AURORA, Colo. — The Aurora Police Department has fired two of the three officers who took photographs depicting a choke hold in front of the memorial for Elijah McClain, who died after a confrontation with officers in August 2019.
A third officer was fired for his response to the photos that he received in a text message, and another officer involved resigned Thursday, before his punishment could be handed down.
"I speak for all men and women of the Aurora Police Department to say we are ashamed, we are sickened and we are angry about what we have to share with you," Interim APD Chief Vanessa Wilson said at a news conference Friday, where she shared the process of the investigation and the news of the terminations.

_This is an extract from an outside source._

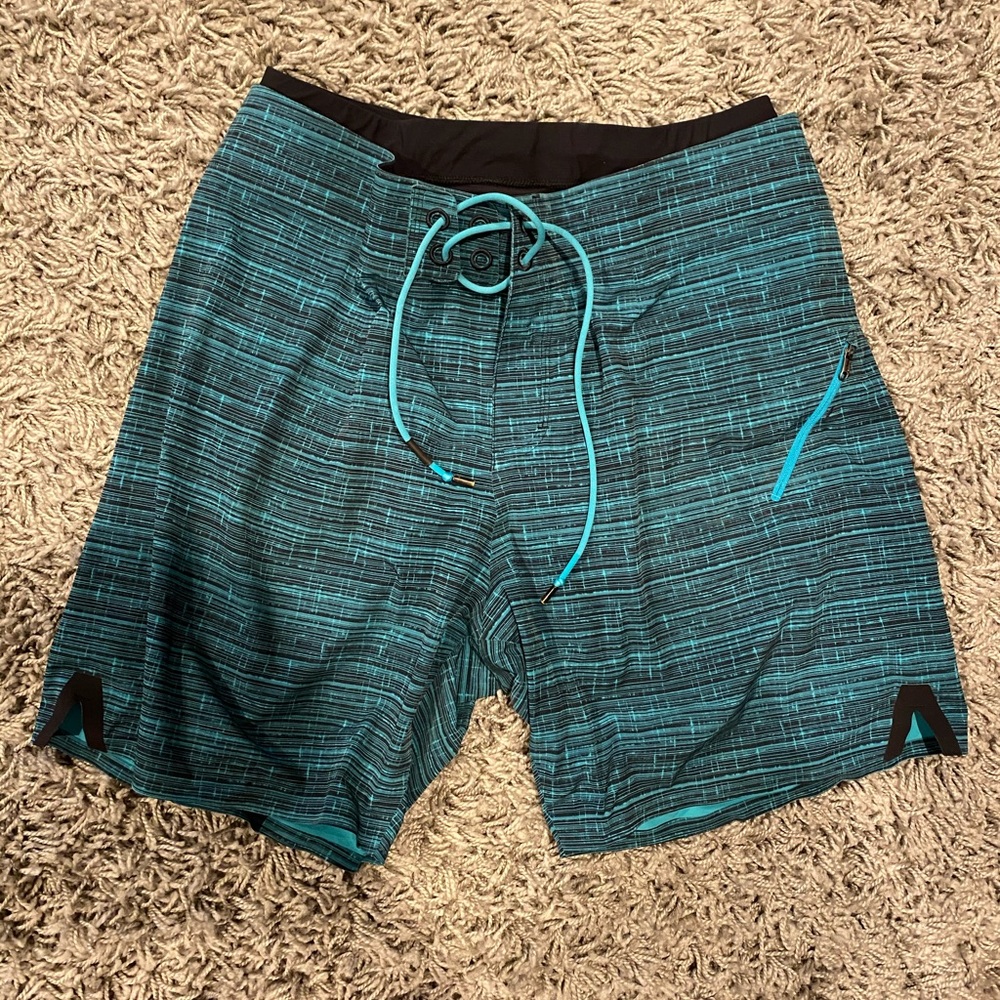 Men’s Lululemon swim suit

"While the allegations of this internal affairs case are not criminal, it is a crime against humanity and decency. To even think about doing such a thing is beyond comprehension," she said. "It shows a lack of morals, values and integrity, and judgment. I can no longer trust to allow them to wear this badge."
Wilson offered an apology to McClain's family, friends and the community over the incident.
According to documents released by the Aurora Police Department (APD) on Friday, the photos were texted to Officer Jason Rosenblatt, who responded with “HaHa.” Rosenblatt was one of the three officers who responded the night of McClain’s death. Wilson said he was fired for his "utter inability to do the right thing" when he was involved in the incident with McClain.
The officers depicted in the photos were identified by APD as Erica Marrero, Kyle Dittrich and Jaron Jones. Jones resigned from the department Thursday. Wilson said Jones' file shows he was to be terminated.
Marrero and Dittrich both responded to the scene the night of McClain's death, documents show, but arrived after his deadly confrontation with officers.
According to APD, the photos were taken Oct. 20, 2019, in the 1700 block of Billings Street. The three officers were on-duty and had just completed a call in the area when they took the photos near McClain’s memorial. Wilson said when questioned, the officers said they took photos to "cheer up a friend."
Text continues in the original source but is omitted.